Task data:
>>>

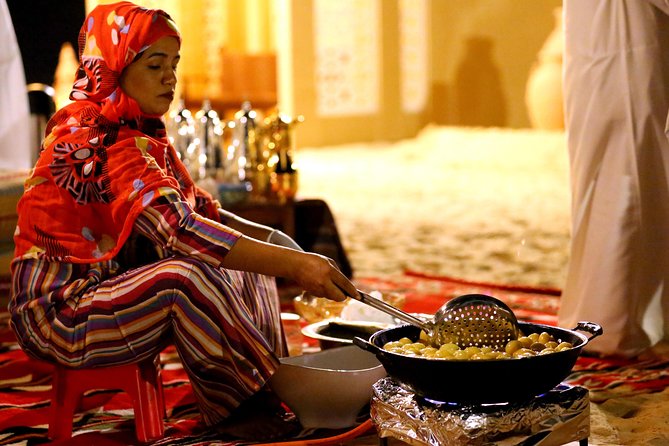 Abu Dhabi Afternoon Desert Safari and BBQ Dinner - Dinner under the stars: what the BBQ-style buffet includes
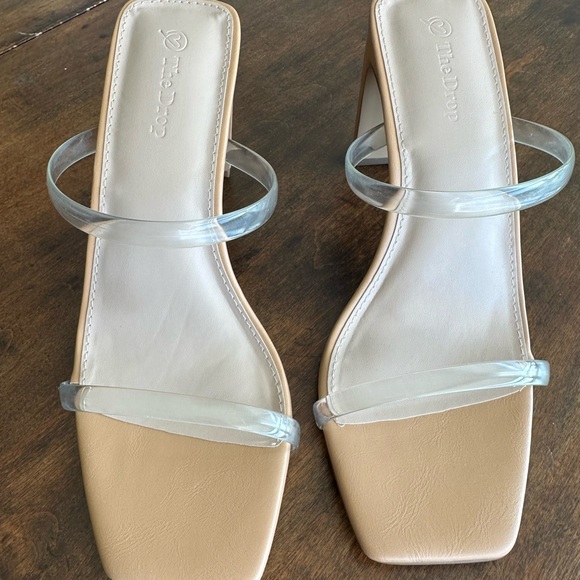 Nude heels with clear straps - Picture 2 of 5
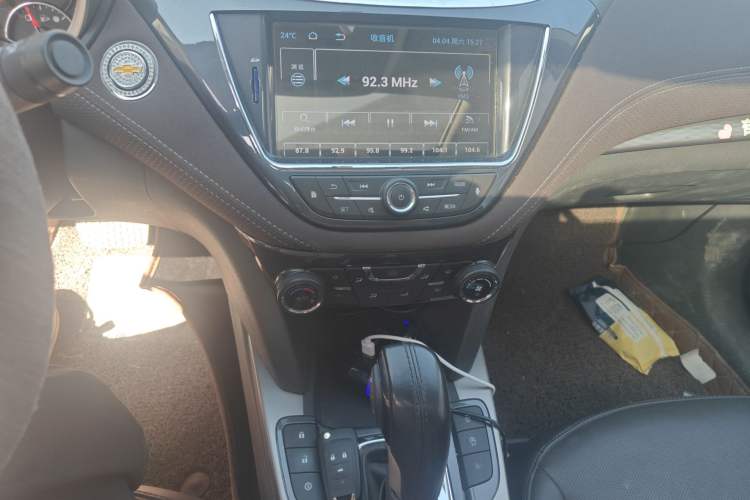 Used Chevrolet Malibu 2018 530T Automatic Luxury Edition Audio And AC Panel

<<<
>>>

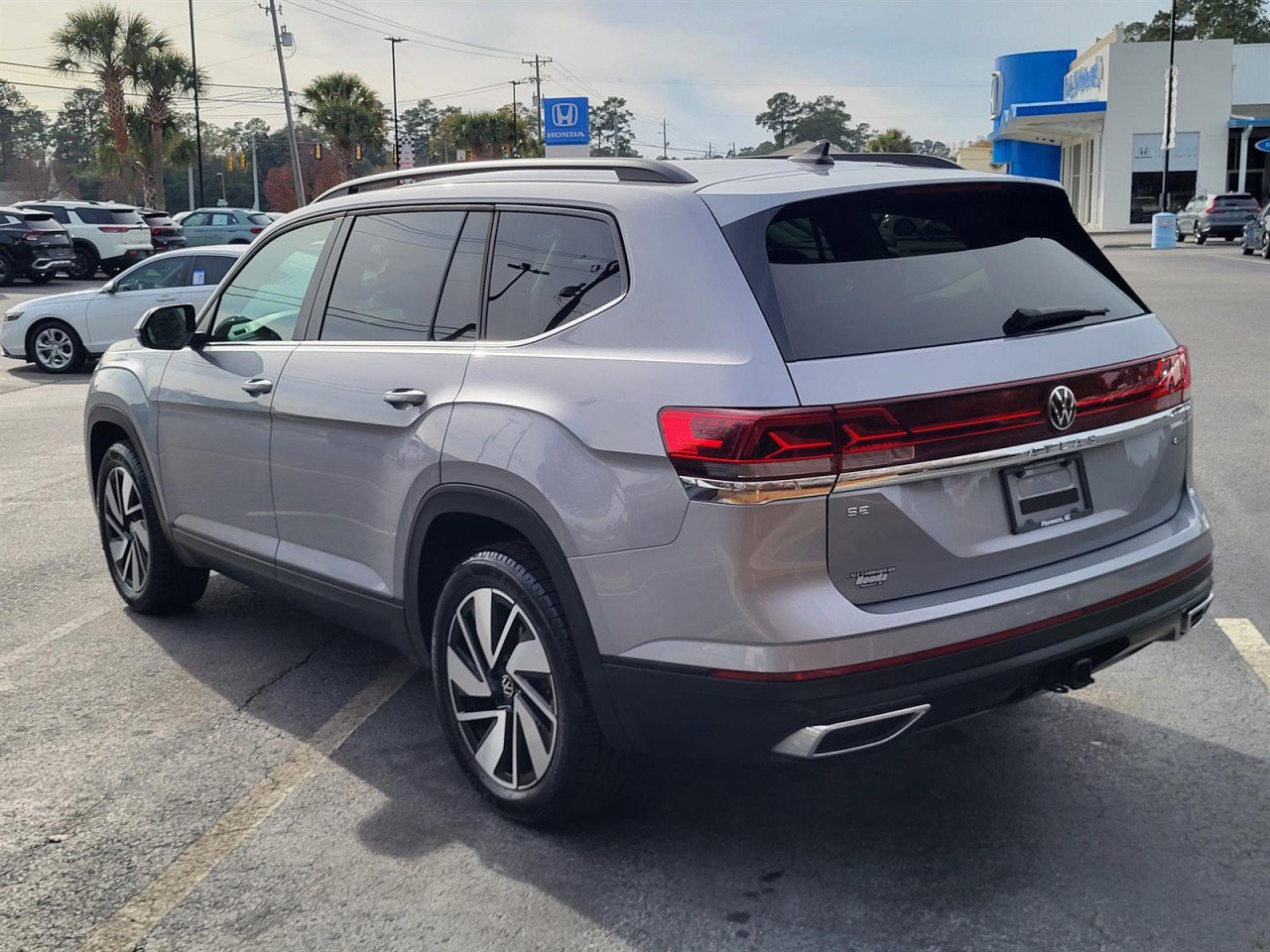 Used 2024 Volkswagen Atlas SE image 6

<<<
>>>

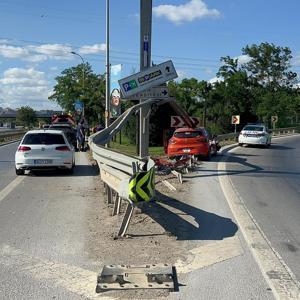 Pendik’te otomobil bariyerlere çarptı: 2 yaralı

<<<

To do:
Look above for the line containing "Abu Dhabi Afternoon", then write out every line from there down to the line containing "Used Chevrolet Malibu", that line included, with no pictures.

Written answer:
 Abu Dhabi Afternoon Desert Safari and BBQ Dinner - Dinner under the stars: what the BBQ-style buffet includes
 Nude heels with clear straps - Picture 2 of 5
 Used Chevrolet Malibu 2018 530T Automatic Luxury Edition Audio And AC Panel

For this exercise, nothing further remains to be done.